Who uses it: Adoptive parents
What it means: The time between filing paperwork and getting a referral for adoption
How you can use it: When expecting something to bear fruit.
I'm headed to New York City this morning for a reunion with two of my best friends from college, Eileen Consey-Heywood and Carla Forbes-Kelly. (I feel a little underdressed since I don't have a hyphenated last name, but I suppose I could hyphenate my two first names, the way Mary-Chapin Carpenter does.) The weather is gorgeous, and we're supposed to go to a baseball game tonight (Yankees? Mets? I'd better figure it out before I get there).
Anna called this morning to report a rare celebrity-sighting in central Maine, so check out her blog for details. Today's term is courtesy of her, since both the Bragdons and the Lechners are currently having paper pregnancies.
What I Read This Week
Joseph Wambaugh, Hollywood Station. I read this book in manuscript; Amazon says it'll be available in late November, but Sarah Weinman said she thought it wasn't due until January of next year. It's a massive, episodic look at the post-reform era Los Angeles Police Department, and should be another big bestseller.

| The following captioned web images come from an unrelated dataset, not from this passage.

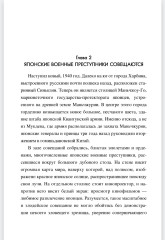 Харбинская «кувалда» - Фото 5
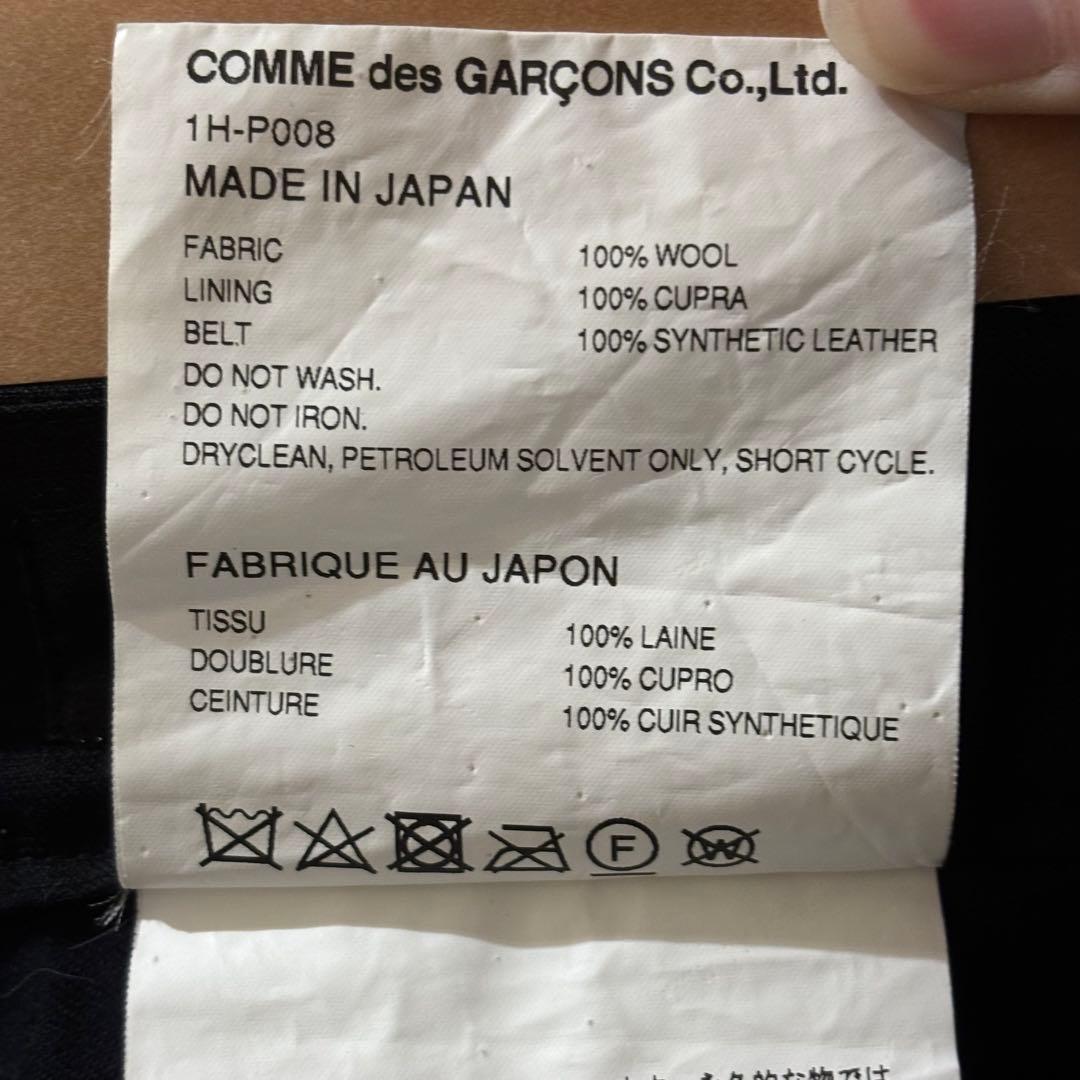 COMMEdesGARCONS BLACK ナンバープリントウールスカートパンツ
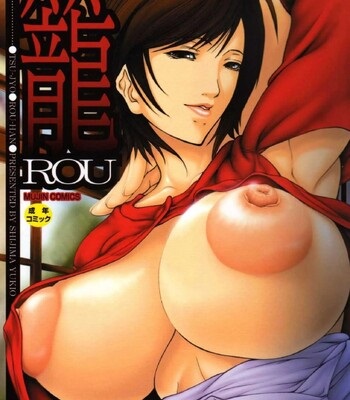 Rou [MTL]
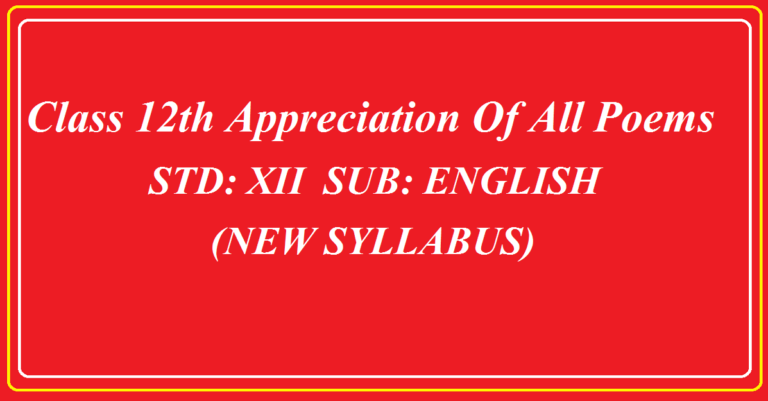 Class 12th ENGLISH Appreciation Of All Poems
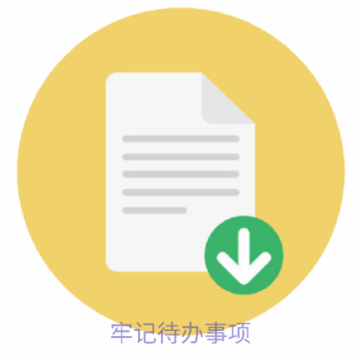 �μǴ�������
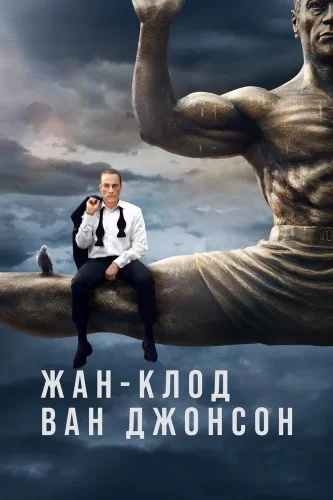 Жан-Клод Ван Джонсон (2016) смотреть онлайн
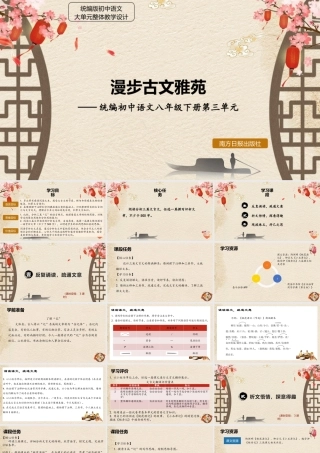 统编版初中语文八年级下册第三单元：漫步古文雅苑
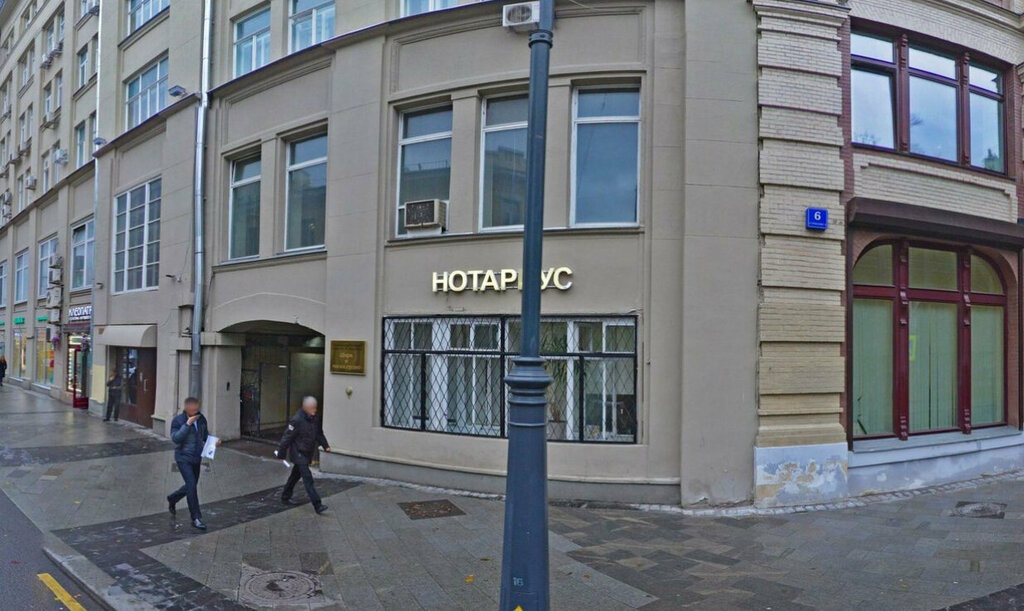 Recruitment agencies, vacancies HR бюро Гурулев Эксперт, Moscow, photo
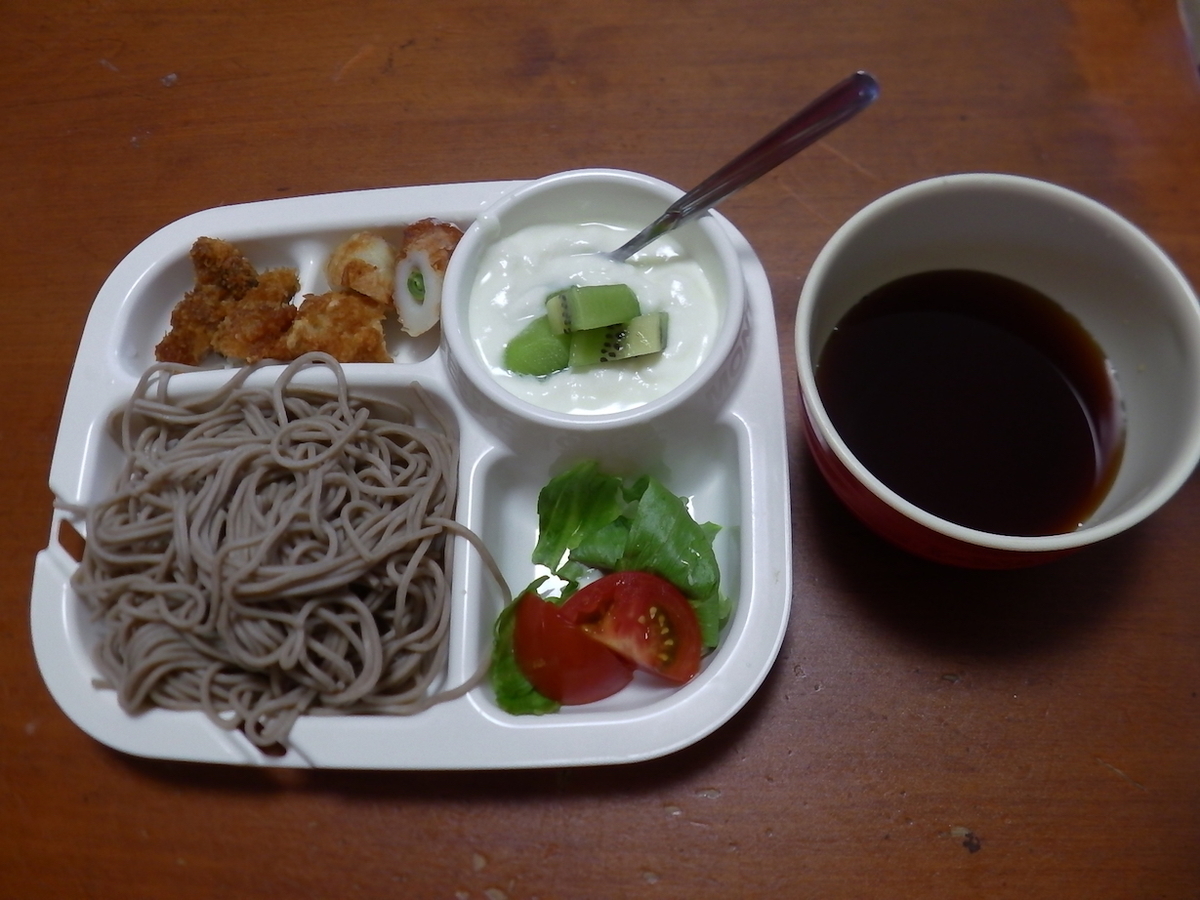 f:id:masaya50:20190613133541j:plain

Christopher Fowler, Ten-Second Staircase. Detectives Bryant and May, the old men who run London's Peculiar Crimes Unit, investigate a series of murders that seem to have been committed by a ghostly highwayman. This fourth entry is just as much fun as the first, and I feel rewarded for sticking with the series.
Keith Donahue, The Stolen Child. Even Amazon's shipping boxes have ads for this book, but for once, the book is just as good as promised. Eight-year-old Henry Day runs away to the woods, where a band of fairies seizes him. Their leader changes places with him and returns to Henry's family to live out his own stolen life, while Henry, now called Aniday, remains trapped in a permanent childhood. This is a beautiful, sad book about identity, aging and love.
Susan Kandel, Sam Spade in the Green Room. Susan Kandel really hits her stride with the third book in her Cece Caruso series. Cece is a biographer of crime writers, and each book's mystery models itself roughly on the subject of the book Cece's writing. This time around, she's serving as consultant to a movie based on her biography of Dashiell Hammett, and becomes involved in a mystery that includes murder, stolen identities, blackmail, and long-kept secrets. Cece is a wisecracking heroine, but I never feel that Kandel treats the crimes in her books too lightly.
1 comment:
And from my perspective, a paper pregnancy is WAY better than a real pregnancy!! Hope you are having a great trip. Dizzy misses you.